Why the Powell Endorsement Might Actually Matter


As you've probably heard, former Secretary of State and Chairman of the Joint Chiefs of Staff Colin Powell, a Republican, endorsed Barack Obama for president yesterday on "Meet the Press." I'm a little late on this--alas, I spent the weekend without my trusty laptop--but I still thought it'd be worthwhile to post a few quick thoughts on what the announcement accomplishes.

Some observers, like the Atlantic's Marc Ambinder, have said that Powell will help Obama overcome any lingering racial opposition. "Powell is a culturally individuated African-American hero," he wrote yesterday. "To the extent that there remain white voters who have inchoate worries about Obama's race, it helps to have him associated with a man whose race they've already gotten over." I disagree. Oprah Winfrey is a "culturally individuated African-American hero," too, but her endorsement of Obama last May hardly gave swing voters a compelling reason to support the Illinois senator. The key thing about Powell isn't that he's black. It's that he (unlike Winfrey) doesn't strike casual voters as your typical Obama supporter. He's a Republican. He's a military man. He backed both Bushes. And he's even donated to McCain. That's why Powell's endorsement is so powerful.

The most important element of Obama's extensive field operation is the local validator: a person who looks like you, talks like you and (presumably) thinks like you but who's still vouching for the unfamiliar face at the top of the ticket. Powell has now become Obama's key validator. Ahead by five to seven points in the polls--often with more than 50 percent of the vote--Obama doesn't need to persuade McCainiacs to jump ship. He simply has to prevent his softest supporters--and a few undecideds--from reverting to his rival. Like Powell, many of these folks are Republicans--some from military communities--who still deeply respect McCain. He's well-qualified to speak to them--and on Sunday, that's exactly what he did.

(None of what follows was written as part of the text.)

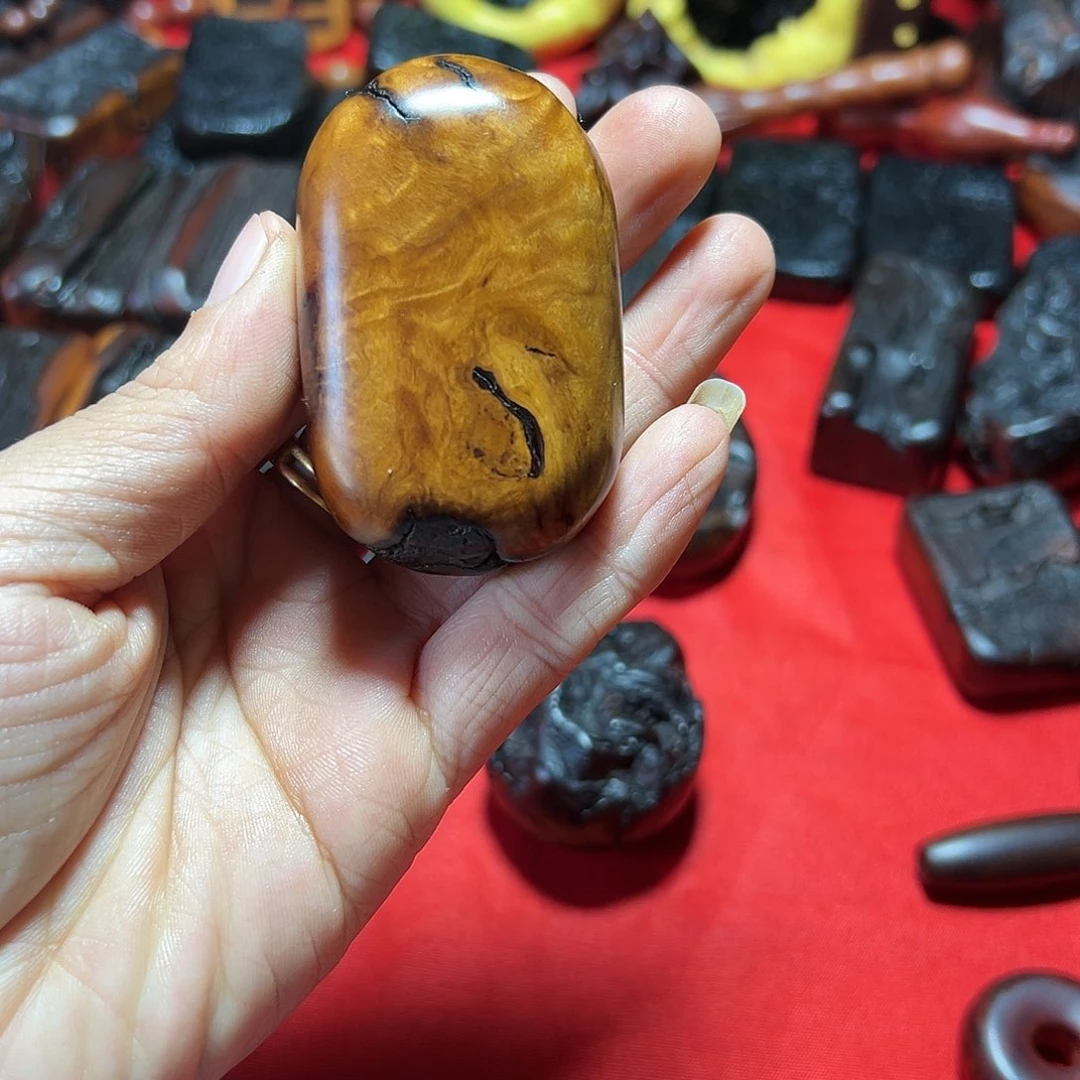 枣木沐**行直播间默认截图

Powell delivered his argument in two parts. First, he sought to dispel--or preempt--any doubts about Obama. Worried about Obama's inexperience? Don't be, said the general: "he will be ready to take on these challenges on January 21st." he's ready to be president on Day One."Suspect that Obama's tax policies are "socialist"? Nonsense, said the Republican: "there's nothing wrong with examining... who should be paying more or who should be paying less, and for us to say that makes you a socialist is an unfortunate characterization that isn't accurate." Heard that Obama might be Muslim? "He's not," said the familiar, respected figure--but "what if he [wa]s?" "Is there something wrong with being a Muslim in this country?" Powell asked. "The answer is 'no.' That's not America." These are the three issues--experience, taxes and "otherness"--most likely to drive uncommitteds away from Obama on Election Day. Powell was essentially saying, they don't bother me--so they shouldn't bother you.

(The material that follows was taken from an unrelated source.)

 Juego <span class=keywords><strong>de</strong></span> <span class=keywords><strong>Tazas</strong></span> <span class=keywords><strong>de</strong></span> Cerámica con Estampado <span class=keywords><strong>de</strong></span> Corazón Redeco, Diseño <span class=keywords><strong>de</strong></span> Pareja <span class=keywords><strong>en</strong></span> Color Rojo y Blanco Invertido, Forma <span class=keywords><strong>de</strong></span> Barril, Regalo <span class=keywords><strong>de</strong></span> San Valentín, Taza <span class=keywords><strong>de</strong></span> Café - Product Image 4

The pro-Obama part of Powell's endorsement has received the most media attention--and understandably so. But from a political perspective, the other part--the anti-McCain, anti-Republican part--will probably prove more impactful. After praising Obama, Powell questioned McCain's decision to select Sarah Palin as his running mate ('I don't believe she's ready to be president of the United States, which is the job of the vice president"). He criticized McCain's response to the ongoing economic crisis ("almost every day there was a different approach to the problem... he didn't have a complete grasp of the economic problems that we had"). And he denounced the negative tone of McCain's campaign ("what they're trying to connect [Obama] to is some kind of terrorist feelings, and I think that's inappropriate"). Here, Powell echoed the key concerns about McCain among uncommitted voters--Palin, the economy and "politics as usual"--and confessed that he's bothered by the same stuff. Ultimately, it's easier for undecideds to justify siding with Obama--and harder for them to consider reverting to McCain--when someone like Powell, who they tend to trust, respect and agree with, has said he shares their doubts.

Traditionally, endorsements don't sway voters. Powell's won't be any different. Solid Republicans will dismiss it as predictable, or vengeful, or race-based, or whatever. But Powell doesn't have to persuade solid Republicans. He merely has to help Obama hang onto his softest supporters--i.e., maintain the status quo. That lower bar--combined with the right message and the right messenger--could very well make Powell's endorsement the first one in recent memory that actually matters.